Address of His Holiness Pope Francis to the World Federation of Catholic Medical Associations (FIAMC)
Pope Francis
28 May 2018
Dear Brothers and Sisters,
I am pleased to welcome you and I greet all of you, beginning with your President, Dr. John Lee, whom I thank for his kind words.
As Catholic physicians, you are committed to an ongoing spiritual, moral and bioethical formation that enables you to bring the values and principles of the Gospel to your practice of medicine, from the doctor-patient relationship to missionary activity aimed at improving health conditions among peoples living on the peripheries of our world. Your work is a particular form of human solidarity and Christian witness, and is enriched by the spirit of faith. It is important that your Associations be concerned to make medical students and young physicians aware of these principles by involving them in your various activities.
Your Catholic identity poses no obstacle to your cooperation with those who, whether from a different religious perspective or with no specific creed, acknowledge the dignity and grandeur of the human person as the criterion of their activity. The Church is committed to life, and to ensuring that nothing opposed to life be imposed on any person, however frail or defenceless, underdeveloped or challenged, he or she may be. To be a Catholic physician thus means being a health care professional who finds in personal faith and communion with the Church a source of inspiration to grow constantly in Christian living and professional expertise, in tireless devotion to others and in the desire to learn and understand the laws of nature in order to serve life ever more effectively (cf. Paul VI, Encyclical Humanae vitae, 24).
Everyone is aware of the fidelity and consistency with which the Associations of your Federation have, down the years, maintained their Catholic identity and followed the Church’s teaching and the directives of her Magisterium in the medical-moral field. This criterion of recognition and action has fostered your cooperation in the Church’s mission of promoting and defending human life from conception to its natural end, out of concern for the quality of life, respect for the weakest, the humanization of medicine and its full socialization.
This fidelity frequently entails hardships and difficulties that, in certain situations, call for great courage. I encourage you to persevere with serenity and conviction along this path, receiving the magisterial interventions in the areas of medicine with an awareness of their moral implications. For the fields of medicine and health care have not been immune to the advance of the technocratic cultural paradigm, the worship of unlimited human power and a practical relativism, wherein everything is considered irrelevant unless necessary for one’s personal interests (cf. Laudato Si’, 122).
In this context, you are called upon to affirm the centrality of the patient as a person, together with his or her dignity and inalienable rights, especially the right to life. The tendency to view the sick as machines to be repaired, without respect for moral principles, and to exploit the weakest by discarding what does not respond to the ideology of efficiency and profit, has to be resisted. The defence of the personal dimension of the patient is essential for the humanization of medicine, also in terms of “human ecology”. Make every effort, in your respective countries and on the international level, to speak out in specialized environments but also in debates about legislation dealing with sensitive ethical problems such as the termination of pregnancy, end-of-life issues and genetic medicine. Take care also to defend the freedom of conscience of physicians and of healthcare workers. It is not acceptable that your role should be reduced to that of a simple executor of the will of the patient or the requirements of the health-care system in which you work.

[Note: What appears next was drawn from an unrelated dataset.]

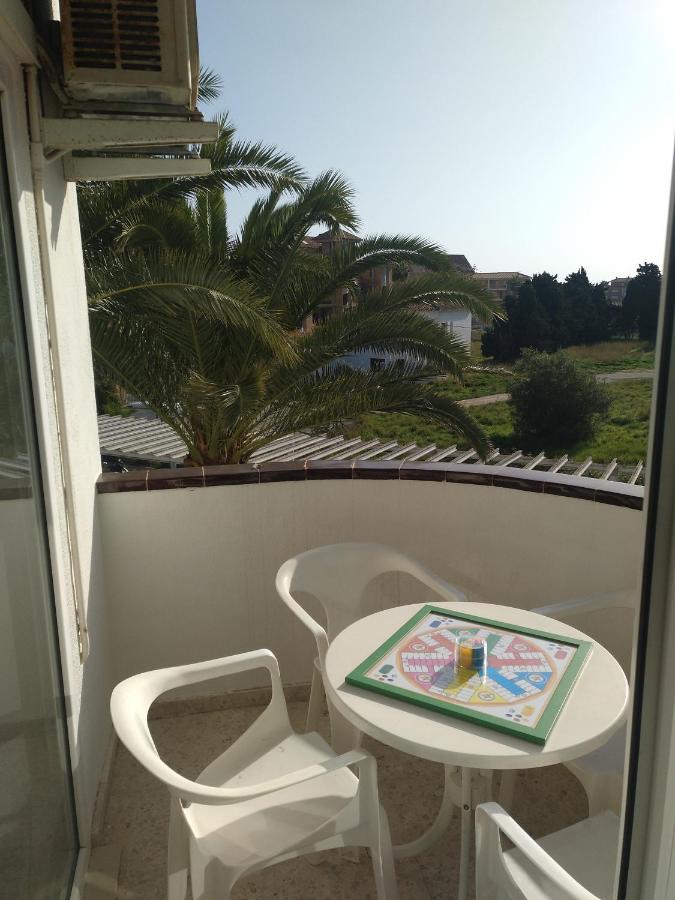 Apartamento Rey-Piscina 데니아 외부 사진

In your forthcoming Congress, to be held a few days from now in Zagreb, you will reflect upon the theme: “Sanctity of Life and the Medical Profession, from Humanae vitae to Laudato Si’”. This too is evidence of your participation in the Church’s life and mission. This participation – as the Second Vatican Council made clear – “is so necessary within the Church communities that without it the apostolate of the pastors will frequently be unable to obtain its full effect” (Apostolicam actuositatem, 10). Be ever more aware that today it is necessary and urgent that the activity of the Catholic physician be unmistakably evident on the level of both personal and group witness.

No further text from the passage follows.